* Task instructions *
In the material below, find the line containing "Western Blot (WB)" and output it and all lines after it exactly, through the last one, without the pictures.

* Supplied entries *
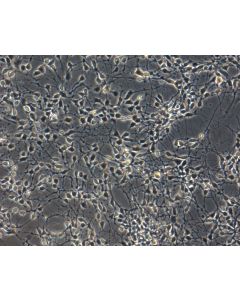 Human Pluripotent Stem Cell derived-Dopaminergic Neurons Phase Contrast 200X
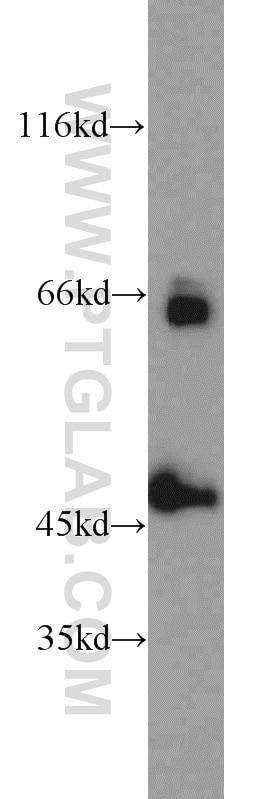 Western Blot (WB) analysis of A2780 cells using ZNF3 Polyclonal antibody (16950-1-AP)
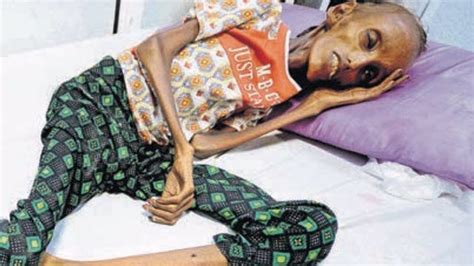 Distressing Images Of Starving Yemen Kids Stun World - LBC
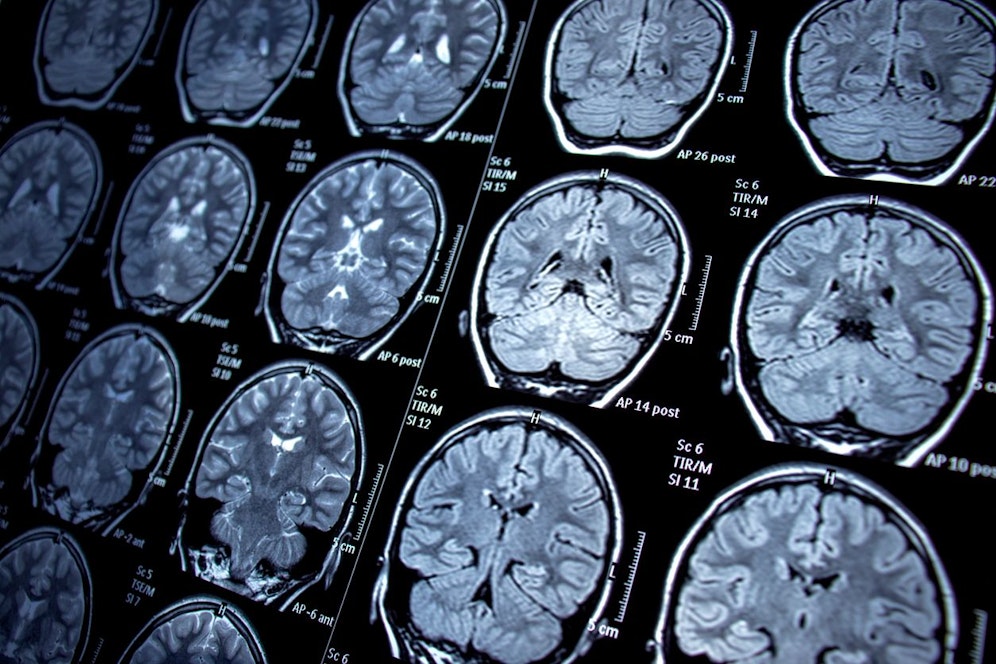 Aufnahmen aus dem Magnetresonanztomograph zeigen: Akademiker sind nicht besser geschützt als Nicht-Akademiker.<br>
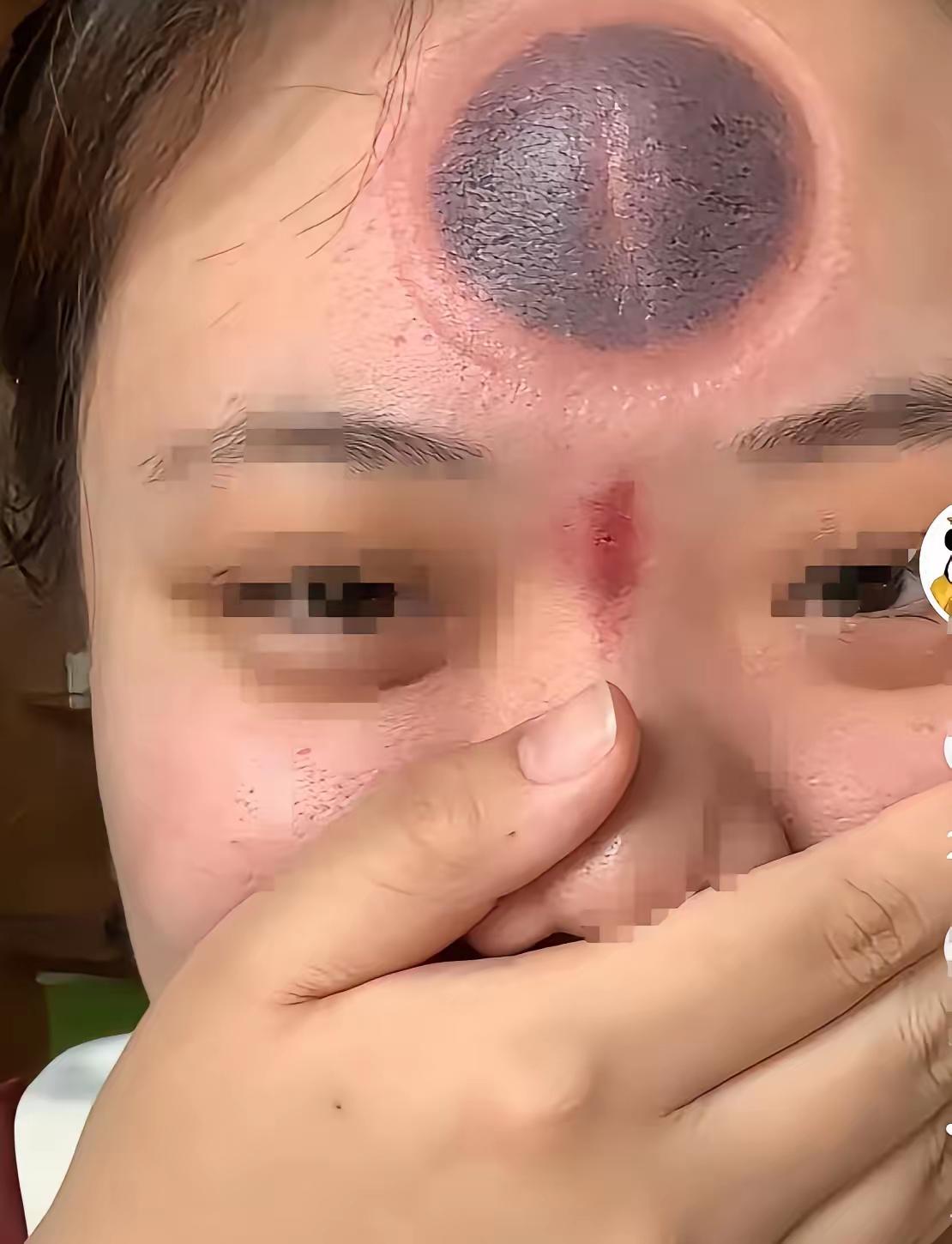 在网上刷到一位女子，由于她经常头疼，据说是进风了，于是她就在网上买了一些拔罐的工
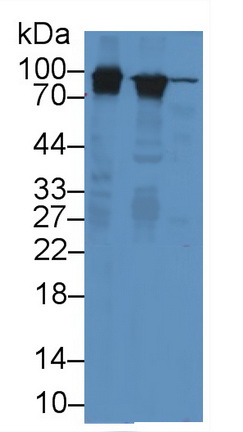 Monoclonal Antibody to Glycogen Phosphorylase, Liver (PYGL)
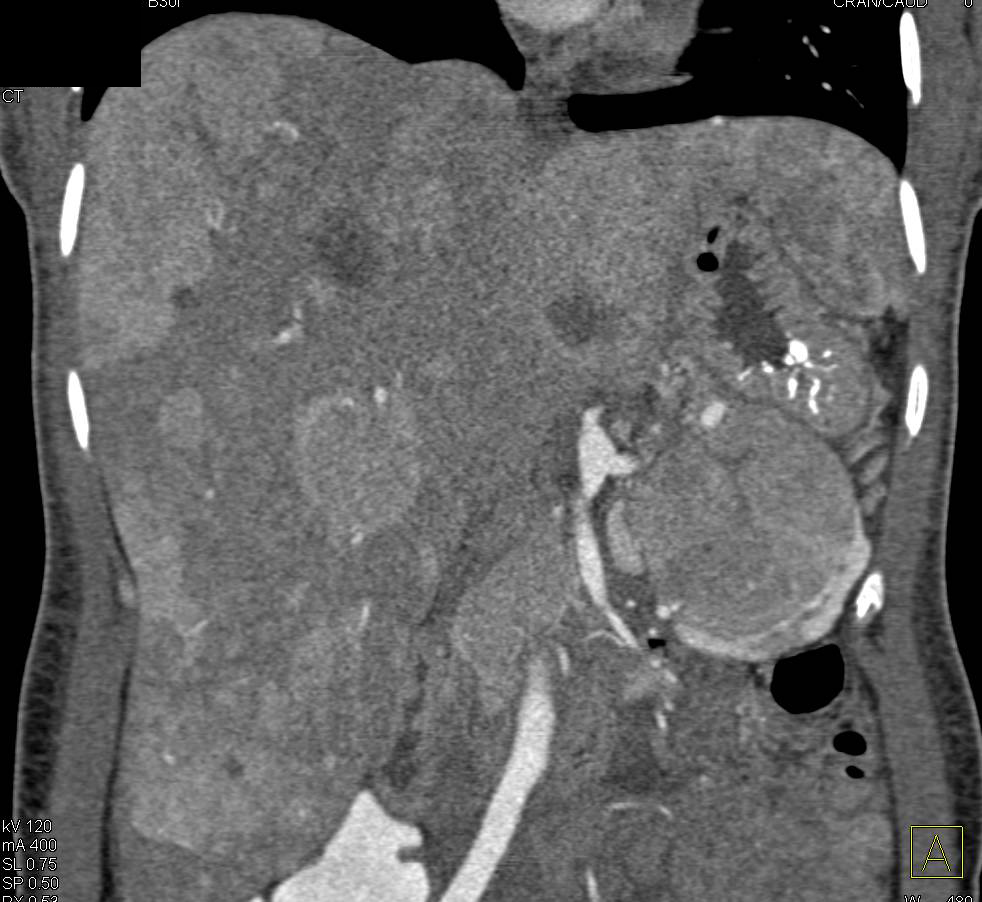 Islet Cell Tumor (Neuroendocrine Tumor) of the Pancreatic Tail with Liver Metastases - CTisus CT Scan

* Answer to the problem *
 Western Blot (WB) analysis of A2780 cells using ZNF3 Polyclonal antibody (16950-1-AP)
 Distressing Images Of Starving Yemen Kids Stun World - LBC
 Aufnahmen aus dem Magnetresonanztomograph zeigen: Akademiker sind nicht besser geschützt als Nicht-Akademiker.<br>
 在网上刷到一位女子，由于她经常头疼，据说是进风了，于是她就在网上买了一些拔罐的工
 Monoclonal Antibody to Glycogen Phosphorylase, Liver (PYGL)
 Islet Cell Tumor (Neuroendocrine Tumor) of the Pancreatic Tail with Liver Metastases - CTisus CT Scan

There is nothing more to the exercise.